Some Jews feel uneasy about celebrating Thanksgiving, but the holiday may have more to share with the faith than previously believed.
While some people are trying to figure out how to cook their turkey, others are double checking to make sure the turkey is kosher. Lately, one has been asked above the rest, as the Thanksgiving holiday approaches this week: Is it halachically appropriate to celebrate Thanksgiving dinner with one’s family? Some say this could be called the “Great Modern-Orthodox/Yeshivesh Divide.”
In the Judaic community, and all religions, these types of questions are tackled with logic and reason, and often the assistance of a Rabbi or Posek. They will be able to offer the proper guidance and help you to look deeper into the word. The first step to figuring it out is in understanding the history of the holiday. There are some overall questions that work together to aid in answering the bigger question.
The Prohibition of Ubecheukosaihem lo sailechu (VaYikra 18:3)
What are the parameters? “We do not walk in the customs of the Ovdei Kochavim… (Ramah) Rather, one should be separate from them in one’s dress and in his other actions. This is only prohibited in matters that they do which involve immodesty.. or in a matter that they do as a custom or law with not basis to it.. and it contains within it a smattering of Avodas Kochavim that they have from their ancestors.” Does Thanksgiving have a smattering of Avodas Kochavim that they have from their ancestors?
The Gedolim have already offered their opinions. Rav Yitzchok Hutner completely forbade it, according to Rabbi Yakkov Feitman, his student, and Rav Moshe Feinstein and Rav Modechai Gifter gave it the okay, as long as it’s not made a permanent or religious practice. Rav Moshe Feinstein presented his view in his Igros Moshe (YD 4:11). He said that since their religious books don’t mention Thanksgiving as a holiday, nor do they require you hold a feast, and because the day is a commemoration for the country, “in which he is also happy in the country he came to reside in now from before,” there is no law prohibiting rejoicing a feast or enjoying turkey. “In Kiddushin 66a, that Yannai the King made a simcha for the victorious capturing in the war of Kuchalis in the wilderness. They ate vegetables there to commorate it.” He did, however, say that it is “certainly forbidden” that anyone make it a permanent simcha, or add the Torah to it.
Are Thanksgiving and Judaism Connected?
Thanksgiving and Chanukkah may be around the same time, but it turns out that Judaism and Thanksgiving are more related than just having celebrations this time of year.

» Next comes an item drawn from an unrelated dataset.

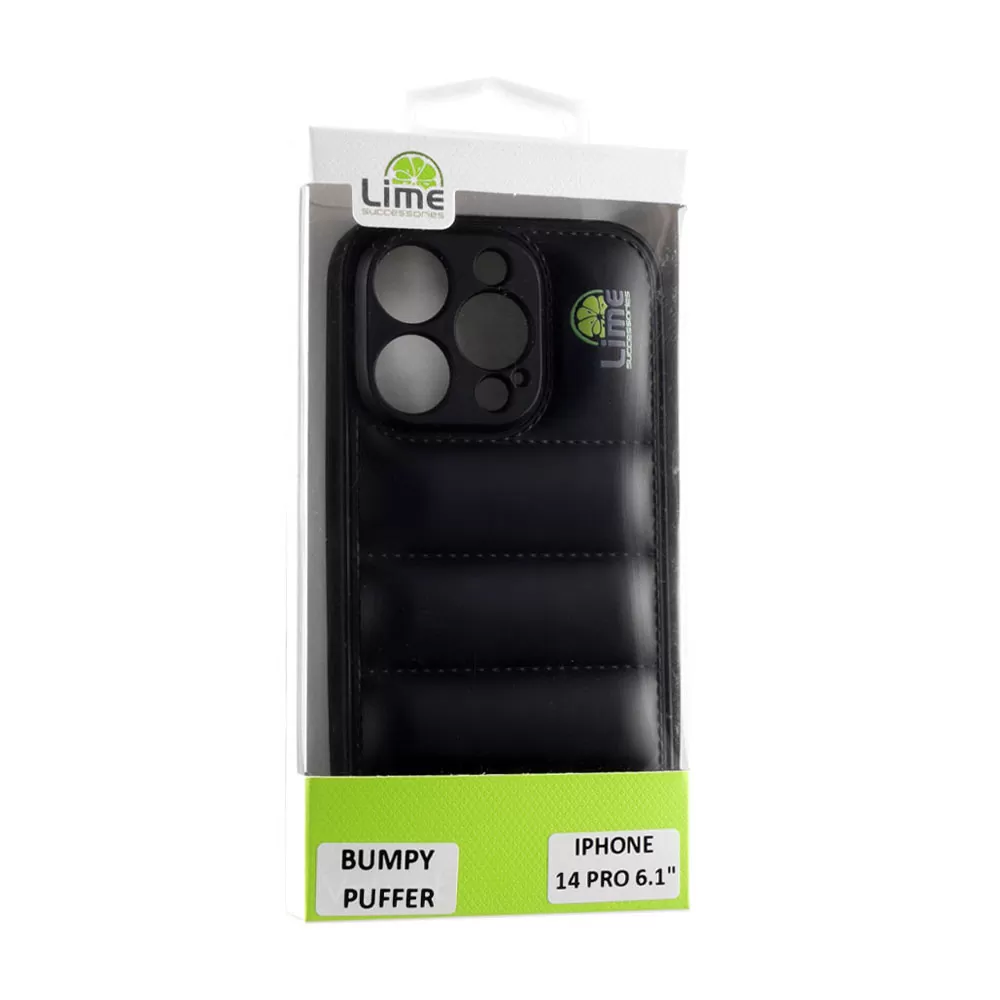 LIME BUMPY PUFFER ΘΗΚΗ IPHONE 14 PRO 6.1in  TPU FULL CAMERA PROTECTION BLACK - Image 2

Sukkot, a Jewish Harvest Festival, holds some similarities with Thanksgiving. Sukkot marks the time that the Israelites wandered the desert to escape slavery. They were headed for Canaan. Thanksgiving, even though it first occurred in 1623, the original celebration took place after one of the worst winters and summers, just after the Puritans (pilgrims) arrived in America to escape religious persecution. They celebrated their survival, though many had died. Over the years it grew into a national celebration.
However, many disagree on its supposed lack-of-religious affiliation. The Puritans held to a Christian concept of trinity, while Judaism has the concept of G-d’s Absolute Unity. The Puritans celebrated with a feast to thank G-d for saving them from the winter.
Overall, those who wish to celebrate, and don’t let it interfere with their faith, often enjoy the Thanksgiving festivities, as Rav Moshe Feinstein did rule it okay to do so. And of course, those who feel it contains a smattering of Avodas Kochavim, don’t have to partake.